The company reported an operating profit of US$24.6 million in the second quarter, compared to a loss of US$49.7 million in the previous quarter. The improved result led to a silicon segment EBITDA of US$33.1 million.
Polysilicon production increased 10% in the quarter to 4,375MT on the back of a sales increase of 2%.
FBR-based polysilicon cash cost continued to be impacted by the planned outage of Silane III plant and the increased inspections, and was reported to be US$14.30/kg in the second quarter.
REC Silicon also benefited from increased silicon gas sales volumes with silane prices actually increasing 5% in the quarter.
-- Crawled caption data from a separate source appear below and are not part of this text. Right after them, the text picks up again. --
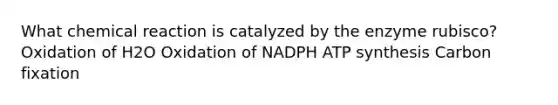 What chemical reaction is catalyzed by the enzyme rubisco? Oxidation of H2O Oxidation of NADPH ATP synthesis Carbon fixation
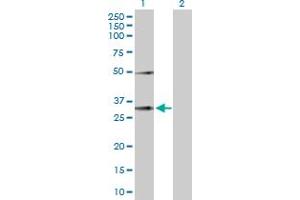 Western Blot analysis of EFNA3 expression in transfected 293T cell line by EFNA3 MaxPab polyclonal antibody. (Ephrin A3 Antikörper  (AA 1-238))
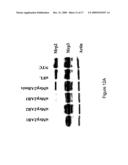 METHOD FOR INHIBITING EXPRESSION OF A PROTEIN IN A HEPATOCYTE diagram and image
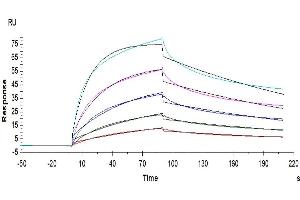 Surface Plasmon Resonance (SPR) image for IgG receptor FcRn (FcRn) (AA 24-297) protein (His tag) (ABIN7274675)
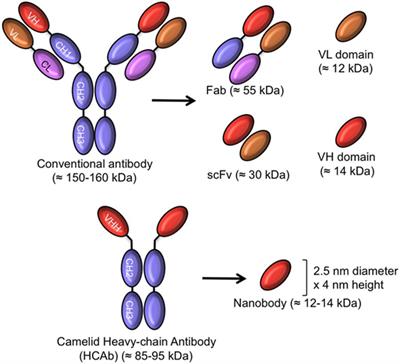 Nanobodies As Novel Agents for Targeting Angiogenesis in Solid Cancers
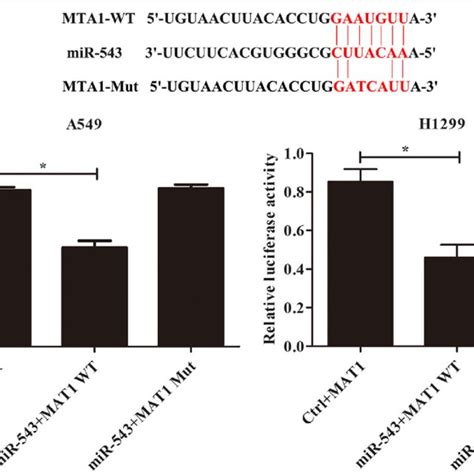 MTA1 Is A Downstream Target Gene Of MiR 543 A Mutations Of 3 UTR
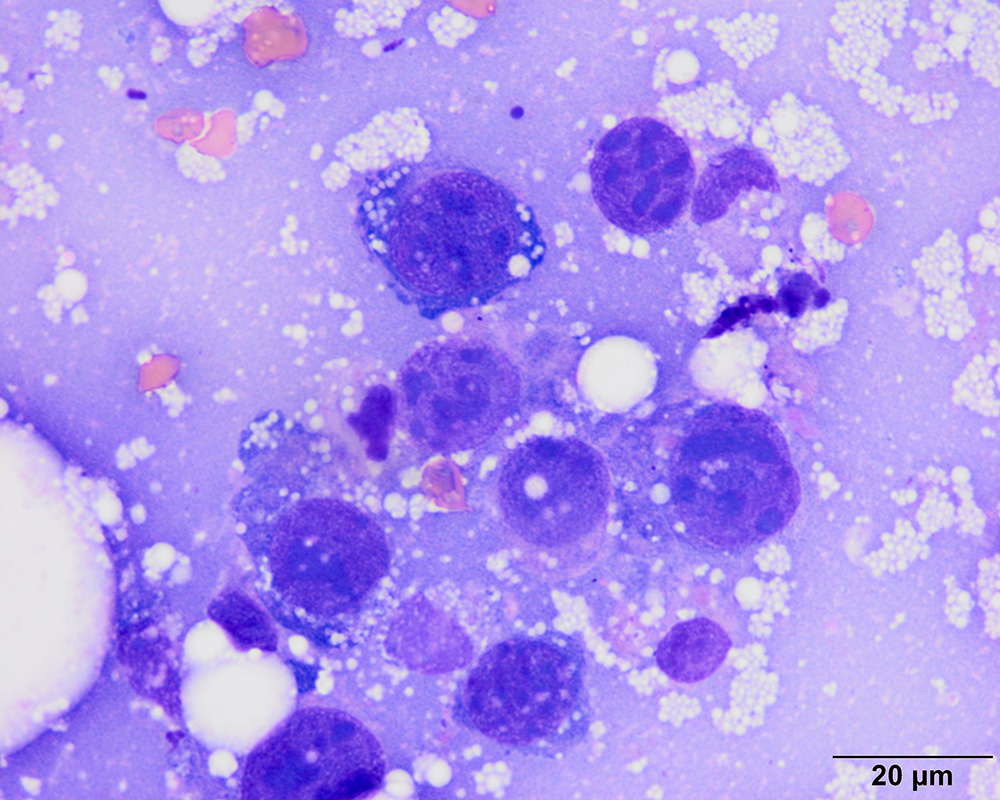 basal cell tumor dog cytology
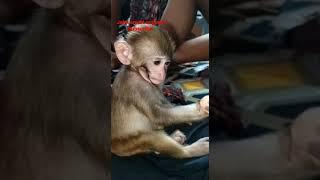 my Viral video Monkey Baby sweet video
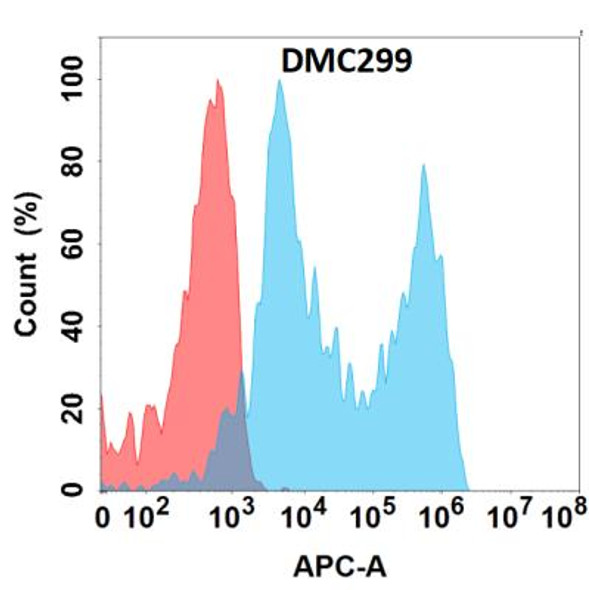 Anti-B7-H5 Chimeric Recombinant Rabbit Monoclonal Antibody (HDAB0248)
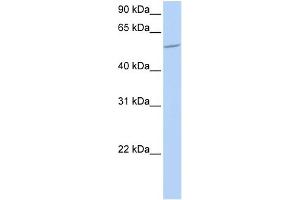 WB Suggested Anti-BTBD1 Antibody Titration:  0. (BTBD1 抗体  (N-Term))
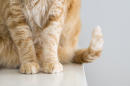 Two pet cats in New York test positive for coronavirus
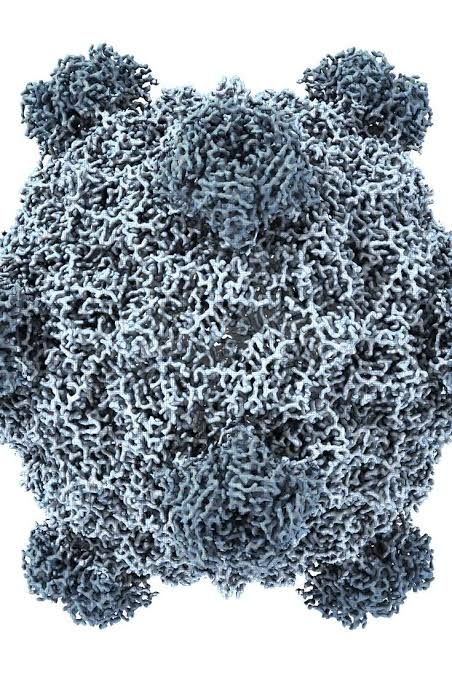 A digital visualization showing colorful protein structures predicted by AI from bacterial DNA sequences.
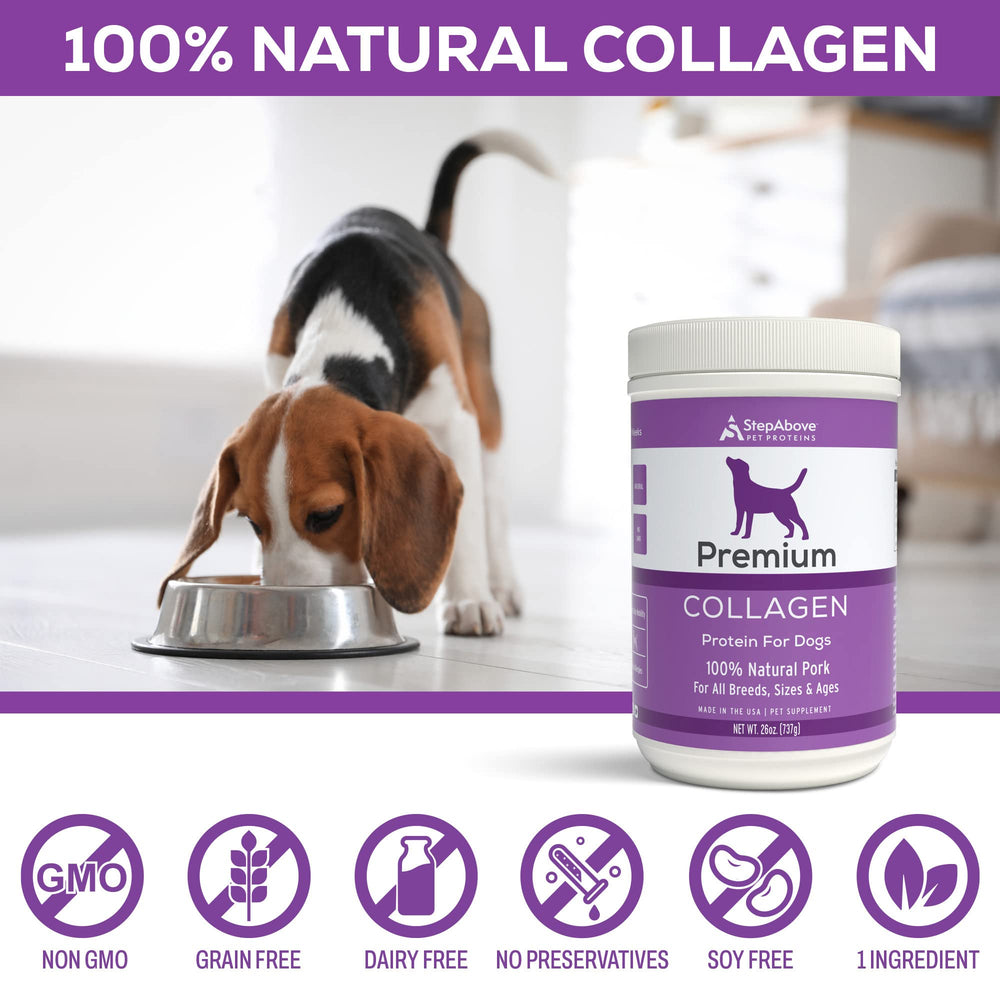 Step Above Proteins chien-heureux-apres-repas rend le repas plus appétissant.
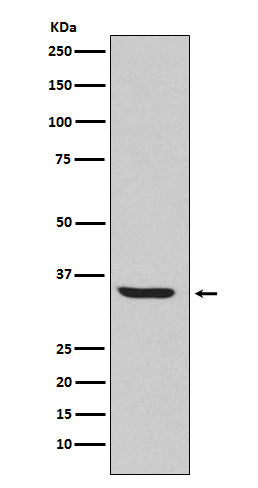 Anti-Endo G Rabbit Monoclonal Antibody Boster Bio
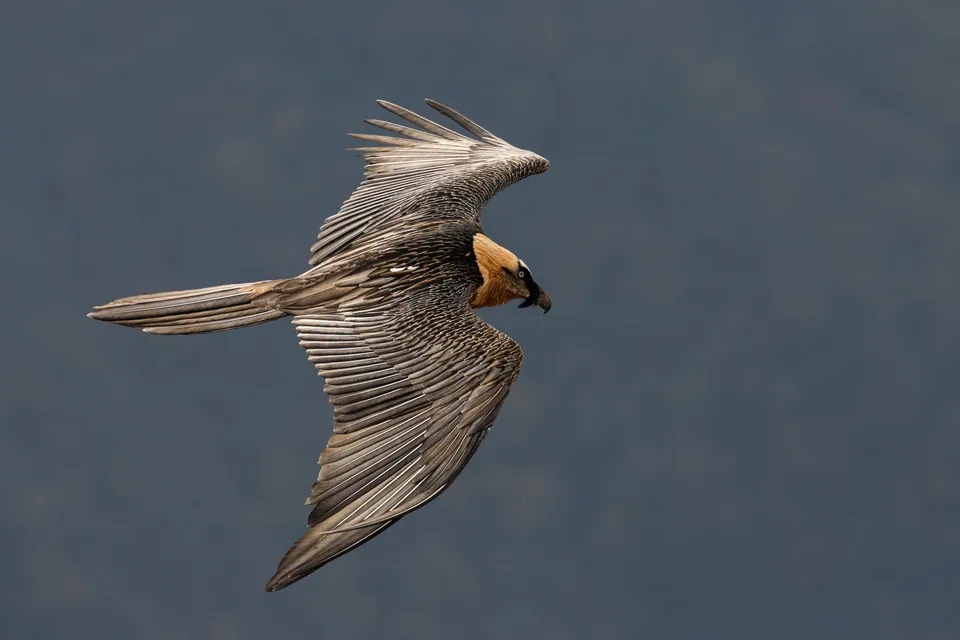 Bartgeier (Gypaetus barbatus) erkennen — Foto, Gesang und Steckbrief der Vogelart aufgenommen in Potsdam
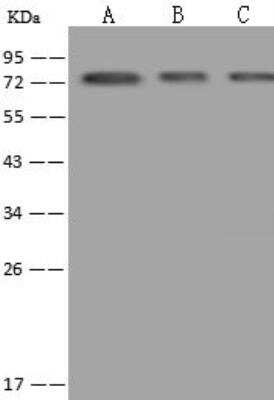 Western Blot: TUG Antibody [NBP3-12632]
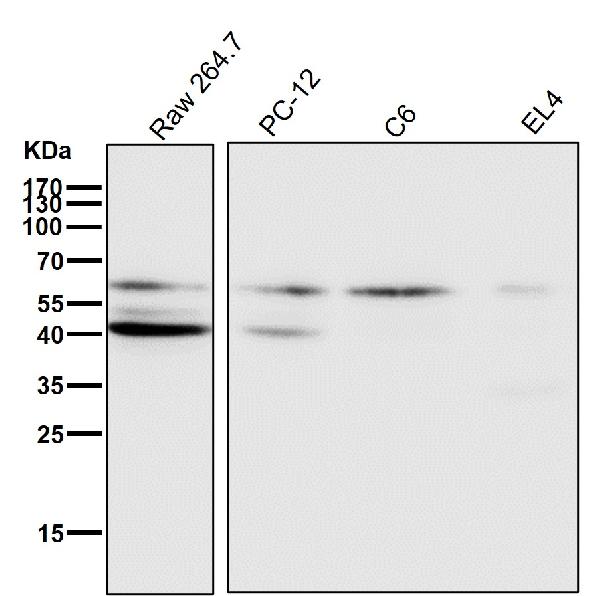 1 - Anti-HDAC2/Histone Deacetylase 2 Rabbit Monoclonal Antibody ABO13695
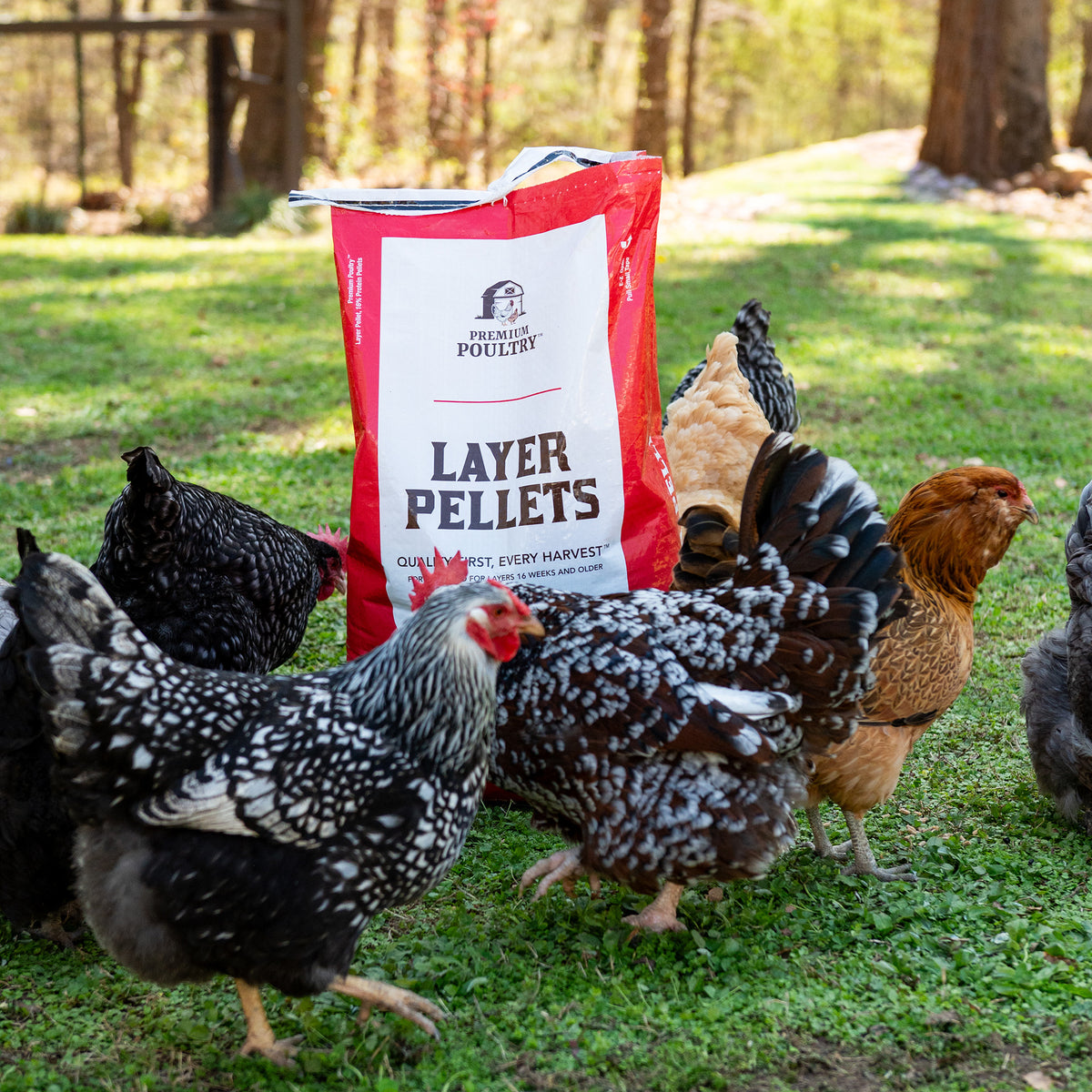 Premium Poultry Layer Pellets for Laying Hens, 16% Protein Blend Feed, 80 lb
“Strong second quarter EBITDA demonstrates the strengthening demand for granular polysilicon and silicon gases in the market,” said Tore Torvund, CEO of REC Silicon. “During the quarter, we successfully completed the five-year inspection programme in Silane III. Although these outages resulted in higher cost during the first half of 2014, we have completed the planned outages and will operate at full capacity for the remainder of the year.”
REC Silicon said that it expected polysilicon production of about 5,000MT in the third quarter as no maintenance work was planned on plants. The company noted that it expected annual polysilicon production to be around 800MT higher than previously guided to 18,600MT in 2014.
FBR-based polysilicon cash cost is expected to decline in the third quarter to US$11.20/kg, due to higher utilisation rates and no outages.